By now, you’ve probably heard that Neukölln is the center of all that is hip in Berlin. The Neukölln Schatzkarte will lead your through an exploration of the neighborhood while focusing on local, independent businesses. The map from last summer is available as a PDF here or in print at the guard desk in the Residence.
“How To Make It In Berlin” is a series of short YouTube videos highlighting a few interesting startups in fashion, food, and shopping. Watch them for ideas of what kind of career you could have in Berlin.

Berlin Outdoors: Britta’s Tip for a Stroll in the Park

As spring is approaching and it is becoming warmer and sunnier, you might be longing to enjoy the nice weather at one of Berlin’s many parks and green spaces. Have you already been to Volkspark Friedrichshain?

Volkspark Friedrichshain is Berlin’s oldest public park and was opened in 1840. The large park of 120 acres offers space for various different activities. It encompasses tennis and basketball courts, a half pipe for skaters, volleyball fields, and even an outdoor cinema. Alternatively, you can just relax and sunbathe on the lawn or go for a stroll up “Mont Klamott”, one of the park’s two mountains. Wondering how these two elevated areas ended up in Berlin’s otherwise flat landscape? They were created out of the debris of the destroyed city after World War II.

Further points of interest include the Märchenbrunnen (fairy tale fountain), which features statues of characters like Cinderella and Snow White, as well as the Friedhof der Märzgefallenen, a cemetery and exhibition commemorating the attempted revolution in 1848.

How to get there:

Bus 142 to the stops Weinstraße, Am Friedrichshain or Platz der Vereinten Nationen

Trams M5, M6, M8 to the stops Büschingstraße or Platz der Vereinten Nationen

Tram M4 to the stop Am Friedrichshain

Explore Berlin’s history! Free Admission to the Museums of Stiftung Stadtmuseum Berlin next Wednesday.

Do you want to learn more about Berlin’s history and save some money? Then take advantage of free admission to the museums of Stiftung Stadtmuseum Berlin next Wednesday:

Märkisches Museum

The permanent exhibition “Here is Berlin!” traces the city’s history from its beginnings as a small medieval trading town through its many transformations over the past few centuries.

Märkisches Museum

Am Köllnischen Park 5

10179 Berlin

Opening Hours: Tuesday – Sunday: 10:00AM – 6:00PM

Admission: 5€, concessions 3€

Free admission on the first Wednesday of each month!



The Nikolaikirche was built in 1230 and is Berlin’s oldest surviving building.

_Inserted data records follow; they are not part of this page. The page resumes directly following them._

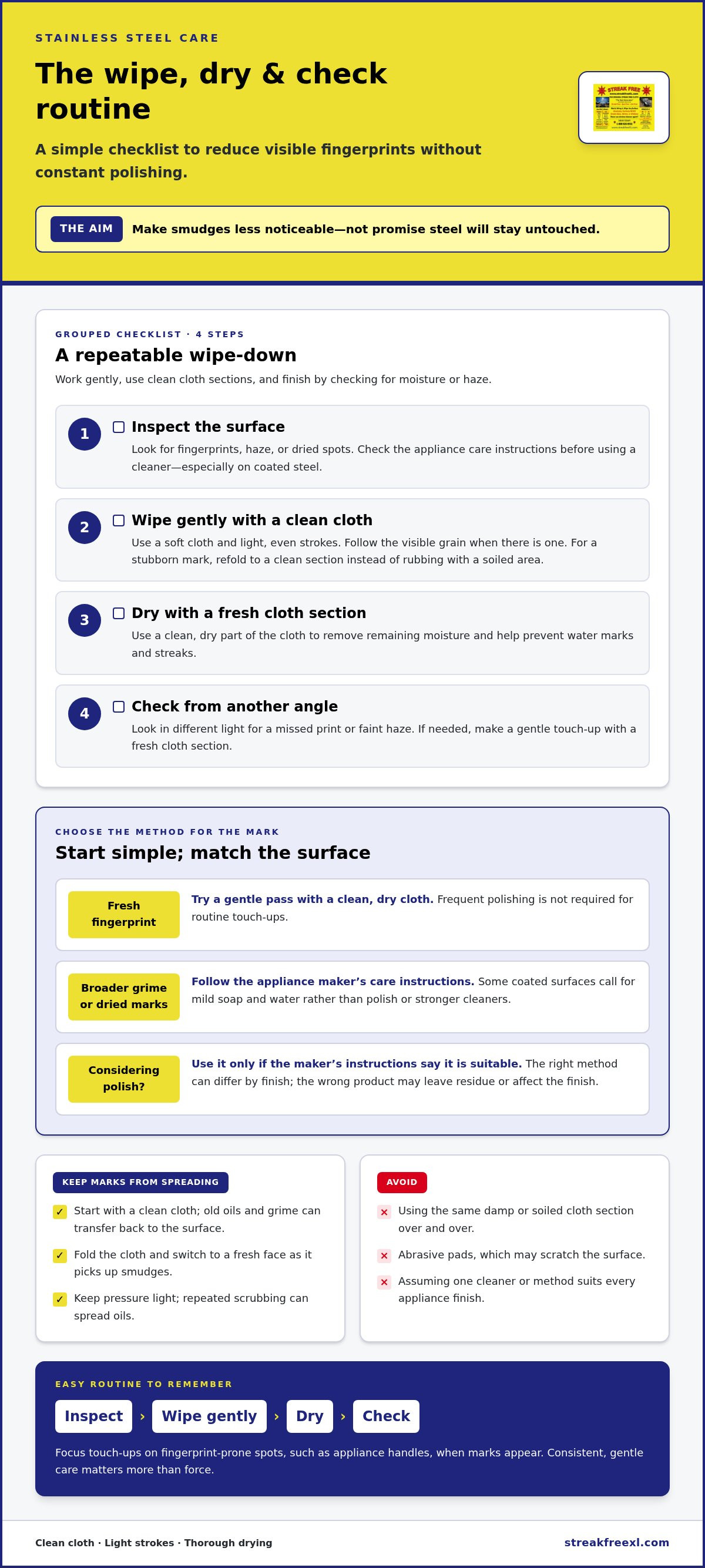 How to keep stainless steel fingerprint free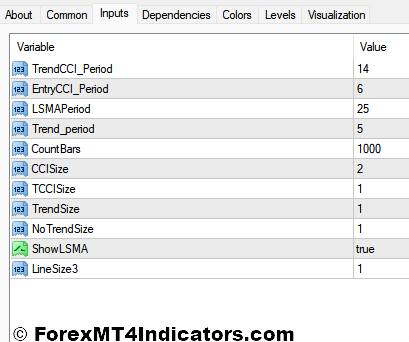 Real Woodie CCI MT4 Indicator 4 Real Woodie CCI Indicator Settings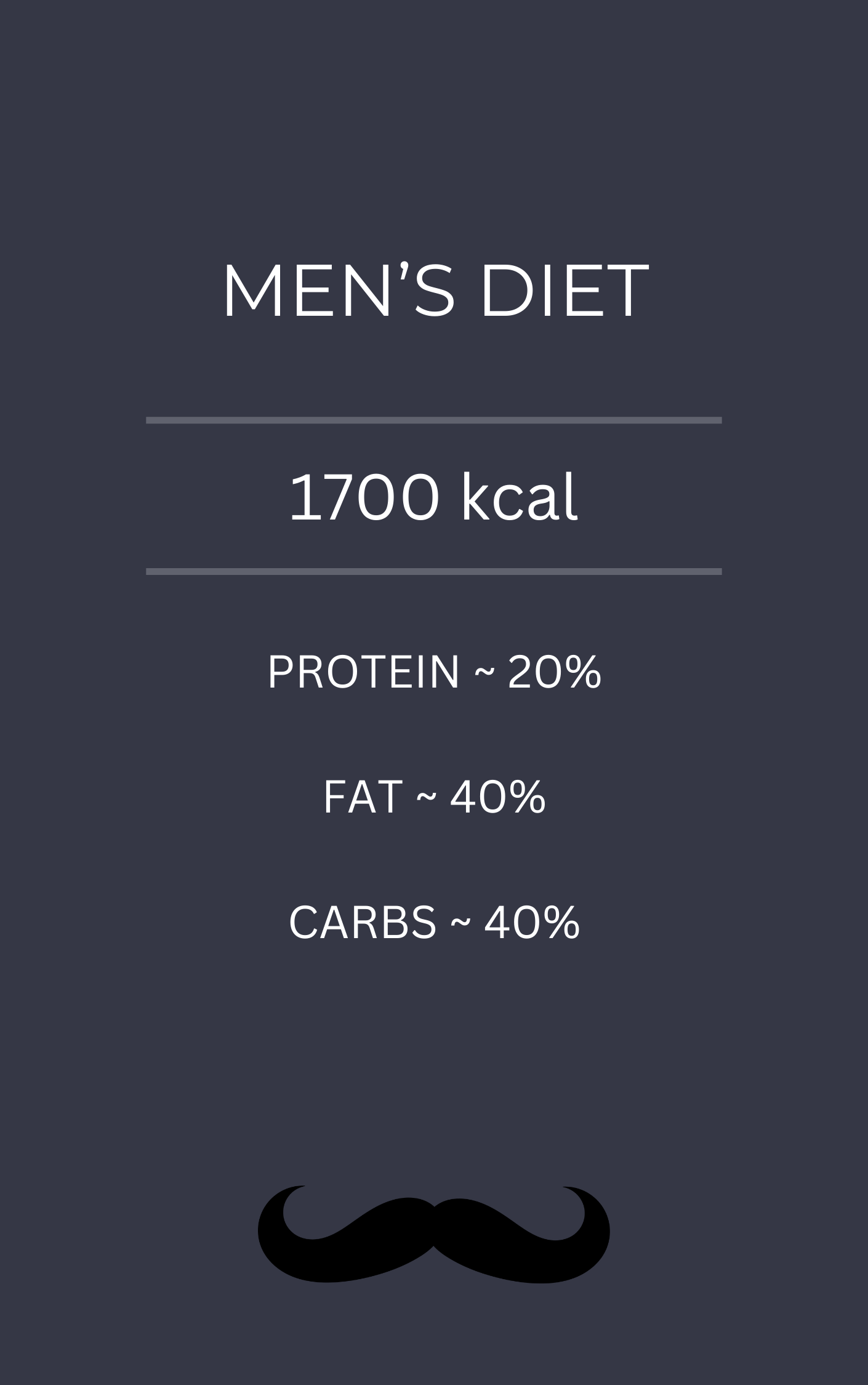 The Men's Diet - Navigating Healthy Eating for Men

The permanent exhibition presents the history of the church and the Nikolaiviertel, Berlin’s oldest district.



10178 Berlin

Opening Hours: daily 10:00AM –  6:00PM

Admission: 5€, concessions 3€

Free admission on the first Wednesday of each month!



Visit the only remaining 18th-century residential building in the Nikolaiviertel, Berlin’s historic city center. The Knoblauchhaus was the home of the Knoblauch family, who played an important role in 19th-century Berlin. Among its members were silk merchants, politicians, architects, scientists, and patrons of the arts, who enjoyed drinking tea and chatting with the sculptor Johann Gottfried Schadow, the architect Karl Friedrich Schinkel, and other luminaries of the day. Wander through the period rooms and see how a well-to-do family lived during the early 19th-century Biedermeier period.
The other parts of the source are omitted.